Flam had hoarded a scrap of metal from a falling star, and now he consumed it, remaking it in the fires of his belly, to fashion a might sword for his friend to wield.”
Flam flew Kae to the fetid, slimy pit in the ground that was the entrance to the monster’s lair.”
“Be brave, Kae, and sink.””
“Kae slid into the slime and waded through it, down a dank tunnel that wormed into the Earth until he came upon the horror in its lair, lit up by bioluminescence. What he saw, was a pool of slime and on the surface, myriad lidless staring eyes and snaking tentacles forever groping and clutching. The monster was always on the alert and always reaching… its hungry tentacles reached for Kae…””
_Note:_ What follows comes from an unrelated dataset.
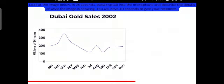Let's start with the answer. The line chart depicts Dubai gold sales in 2002. Overall, it is evident from the graph that the highest sales were in March, while the lowest were in July and September.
At that moment, Lee had to stop, because the train had screeched to a halt. It was evening and the lamps in the carriage were on, but now they flickered and went out.
Cintia’s face looked eerily pale in the dark. “What’s going on?”
“I – I sense something really, really bad,” said Lee, her blue eyes wide.
A hissing voice resounded throughout the carriage. “No fugitive can escape Steel’s clutches. He has eyes everywhere. His underworld recruits will see that his will is done!”